Assignment.
Return, exactly, the line that contains "Load image into" together with all lines after it to the end of the entries, and no further lines.

Provided entries.
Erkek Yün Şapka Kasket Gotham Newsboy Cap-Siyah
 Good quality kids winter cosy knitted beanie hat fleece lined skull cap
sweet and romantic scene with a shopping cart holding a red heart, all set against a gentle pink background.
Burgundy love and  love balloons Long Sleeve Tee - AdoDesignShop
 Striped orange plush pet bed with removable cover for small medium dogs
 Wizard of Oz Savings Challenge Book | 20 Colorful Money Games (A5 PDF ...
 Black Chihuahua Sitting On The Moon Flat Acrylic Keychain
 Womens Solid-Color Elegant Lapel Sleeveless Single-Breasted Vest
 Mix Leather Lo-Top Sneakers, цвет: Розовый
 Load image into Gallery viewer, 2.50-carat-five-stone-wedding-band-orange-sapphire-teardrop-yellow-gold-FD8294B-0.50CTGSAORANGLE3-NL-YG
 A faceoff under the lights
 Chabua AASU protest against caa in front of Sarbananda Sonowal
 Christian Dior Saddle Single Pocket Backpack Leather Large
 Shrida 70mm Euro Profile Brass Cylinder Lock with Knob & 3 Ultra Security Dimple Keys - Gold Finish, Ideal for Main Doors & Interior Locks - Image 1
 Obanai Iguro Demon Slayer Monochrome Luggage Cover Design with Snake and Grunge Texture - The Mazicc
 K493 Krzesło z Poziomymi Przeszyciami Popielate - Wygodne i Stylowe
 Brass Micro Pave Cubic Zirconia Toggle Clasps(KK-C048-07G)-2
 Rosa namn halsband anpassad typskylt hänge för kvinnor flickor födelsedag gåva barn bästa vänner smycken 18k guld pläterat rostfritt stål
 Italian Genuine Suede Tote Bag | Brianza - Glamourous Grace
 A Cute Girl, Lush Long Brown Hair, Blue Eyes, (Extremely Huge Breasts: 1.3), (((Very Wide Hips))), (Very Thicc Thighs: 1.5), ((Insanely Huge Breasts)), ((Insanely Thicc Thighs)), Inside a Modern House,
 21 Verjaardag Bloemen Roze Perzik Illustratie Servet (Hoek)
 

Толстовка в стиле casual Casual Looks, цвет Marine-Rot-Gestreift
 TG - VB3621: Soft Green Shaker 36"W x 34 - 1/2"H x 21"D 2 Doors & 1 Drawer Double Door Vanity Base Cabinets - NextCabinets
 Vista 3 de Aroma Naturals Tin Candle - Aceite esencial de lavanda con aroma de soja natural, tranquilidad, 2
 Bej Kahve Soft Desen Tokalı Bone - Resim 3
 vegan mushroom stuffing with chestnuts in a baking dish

Solution to this exercise.
 Load image into Gallery viewer, 2.50-carat-five-stone-wedding-band-orange-sapphire-teardrop-yellow-gold-FD8294B-0.50CTGSAORANGLE3-NL-YG
 A faceoff under the lights
 Chabua AASU protest against caa in front of Sarbananda Sonowal
 Christian Dior Saddle Single Pocket Backpack Leather Large
 Shrida 70mm Euro Profile Brass Cylinder Lock with Knob & 3 Ultra Security Dimple Keys - Gold Finish, Ideal for Main Doors & Interior Locks - Image 1
 Obanai Iguro Demon Slayer Monochrome Luggage Cover Design with Snake and Grunge Texture - The Mazicc
 K493 Krzesło z Poziomymi Przeszyciami Popielate - Wygodne i Stylowe
 Brass Micro Pave Cubic Zirconia Toggle Clasps(KK-C048-07G)-2
 Rosa namn halsband anpassad typskylt hänge för kvinnor flickor födelsedag gåva barn bästa vänner smycken 18k guld pläterat rostfritt stål
 Italian Genuine Suede Tote Bag | Brianza - Glamourous Grace
 A Cute Girl, Lush Long Brown Hair, Blue Eyes, (Extremely Huge Breasts: 1.3), (((Very Wide Hips))), (Very Thicc Thighs: 1.5), ((Insanely Huge Breasts)), ((Insanely Thicc Thighs)), Inside a Modern House,
 21 Verjaardag Bloemen Roze Perzik Illustratie Servet (Hoek)
 

Толстовка в стиле casual Casual Looks, цвет Marine-Rot-Gestreift
 TG - VB3621: Soft Green Shaker 36"W x 34 - 1/2"H x 21"D 2 Doors & 1 Drawer Double Door Vanity Base Cabinets - NextCabinets
 Vista 3 de Aroma Naturals Tin Candle - Aceite esencial de lavanda con aroma de soja natural, tranquilidad, 2
 Bej Kahve Soft Desen Tokalı Bone - Resim 3
 vegan mushroom stuffing with chestnuts in a baking dish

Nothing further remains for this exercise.